-- Data supplied --
"""

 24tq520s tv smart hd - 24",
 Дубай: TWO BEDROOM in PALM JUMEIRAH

"""
"""

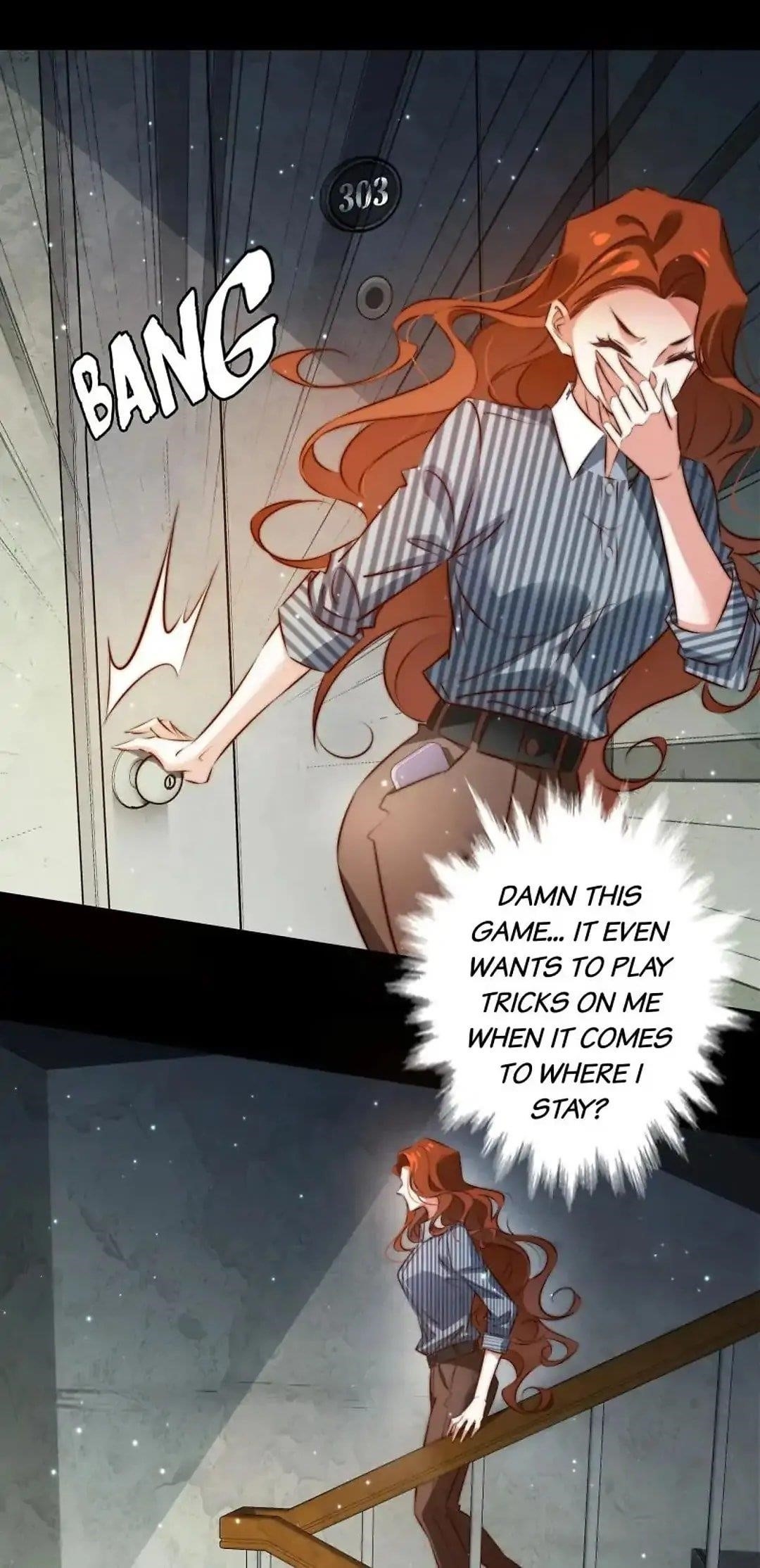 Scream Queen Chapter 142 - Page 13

"""

-- Directions for this task --
Go to the line in the material above that contains "24tq520s tv smart" and copy exactly from there through the line that contains "Дубай: TWO BEDROOM in PALM JUMEIRAH", stopping after it.

-- Solution for this exercise --
 24tq520s tv smart hd - 24",
 Дубай: TWO BEDROOM in PALM JUMEIRAH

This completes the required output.